As teenagers, my brother and I didn’t fully understand the scale of what she was taking on. We just knew that what she was saying was unsettling the system.

She was asking nursing, and the health system, to look at itself. To confront power. To confront racism. To accept that safety is not defined by the professional — but by the person receiving care.

That was radical. And it was threatening. Even our friends were a bit scared of her, until they met her and were immediately charmed and fed!

“What we didn’t know until years later was that while she was standing firmly and publicly in that space, she was also receiving death threats — threats to her children.”

However like us, she tested her thinking as it evolved and she relished young peoples’ input into what she thought, what they thought and how it could inform the philosophy. She never patronised us, but encouraged us always to enquire and ask ‘why’ and be able to contribute something useful to a discussion.

What we didn’t know until years later was that while she was standing firmly and publicly in that space, she was also receiving death threats — threats to her children. To us. Such was the power of the work she was doing, the disruption — she was seriously disturbing the status quo.

She never told us at the time. She carried that alone. She protected us from the fear, even as she absorbed it herself. Yet she remained a dedicated, though profoundly busy, loving mother and aunt.

But we did see the toll. We saw the exhaustion. We saw her health decline. We saw the hurt when her work was misrepresented.

Nursing Council kaiwhakahaere Waikura Kamo at the launch of the new guidance. Photo by Adrian Heke.

We saw the loneliness of leadership. Her frustration at newspaper articles that pitched Kiri Te Kanawa as a Good Māori, and her as a Bad Māori.

We also saw her unwavering clarity. She was crystal clear in writing and the spoken word, professionally and personally. And she never wavered from the belief that kawa whakaruruhau or cultural safety was about dignity. About accountability. About ensuring that Māori — and all people — could receive care without being diminished.

At home she was our mother – warm, fierce, funny, uncompromising. In the world she was courageous. She held her ground with integrity, not aggression. With intellect, not ego. She wasn’t fighting individuals — she was challenging structures.

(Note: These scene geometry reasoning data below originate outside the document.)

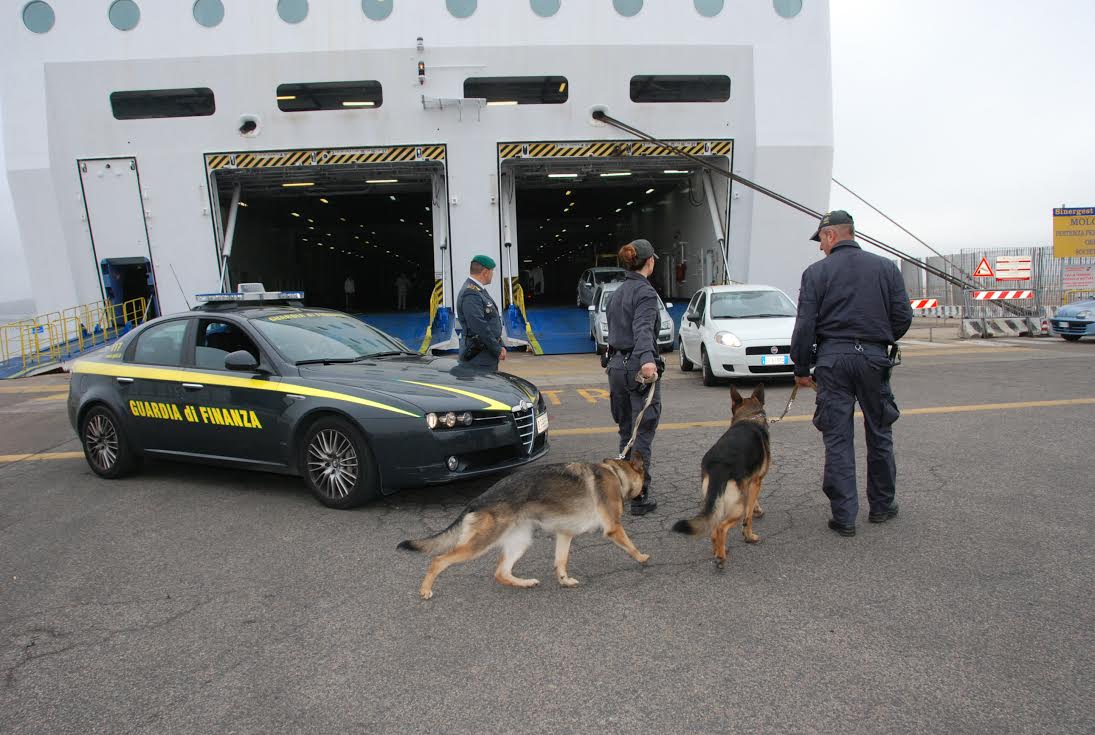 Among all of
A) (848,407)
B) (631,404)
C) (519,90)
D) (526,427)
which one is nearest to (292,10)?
(519,90)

Yet as a woman, a mother and a taua – she made sure that Peter and I would prevent our children, her mokopuna, (she only briefly met the first of four) from growing up around some distant cold, calcified, statue-like image of her.

Instead, they would know that she loved music, Spike Milligan, art, food, flowers, bad jokes, colour and flapjacks with lots of whipped cream.

“At home she was our mother – warm, fierce, funny, uncompromising.”

By speaking today I hope Irihapeti remains to some degree a real person, not deified by history but as a registered nurse who came from a legacy of unjust health outcomes in her own family and who wanted something better for everyone, simply starting with her own people because they were suffering the most.

Today, to see cultural safety refreshed and reaffirmed with integrity — not reduced to a checklist, not softened into something comfortable — fills our whānau and Irihapeti’s friends and intellectual supporters, with immense pride.

Because this was never about compliance. It was about transformation. It was about shifting power so that those receiving care define what safe means.

As her children, we carry both the memory of the cost and the certainty of the legacy. The cost was real. But so is the change.

Irihapeti stoically believed that discomfort was necessary for growth. That justice required courage. And that aroha and accountability could sit side by side.

Pirimia Burger speaks at the launch, with cousin Manawa Ramsden and Arawhetu Gray. Photo by Adrian Heke.

We are so proud of her. And we are deeply grateful to see her work continue — not as history, but as living practice.

To those who helped Irihapeti create and birth kawa whakaruruhau, aku mihi. To those who kept it alive once she was not, aku mihi. To those who have now given it new refreshed mauri, aku mihi.

To all involved, thank you.

  • Pirimia Burger, Ngāi Tahupōtiki, Rangitāne, is a deputy chief executive at Te Taura Whiri i te Reo Māori.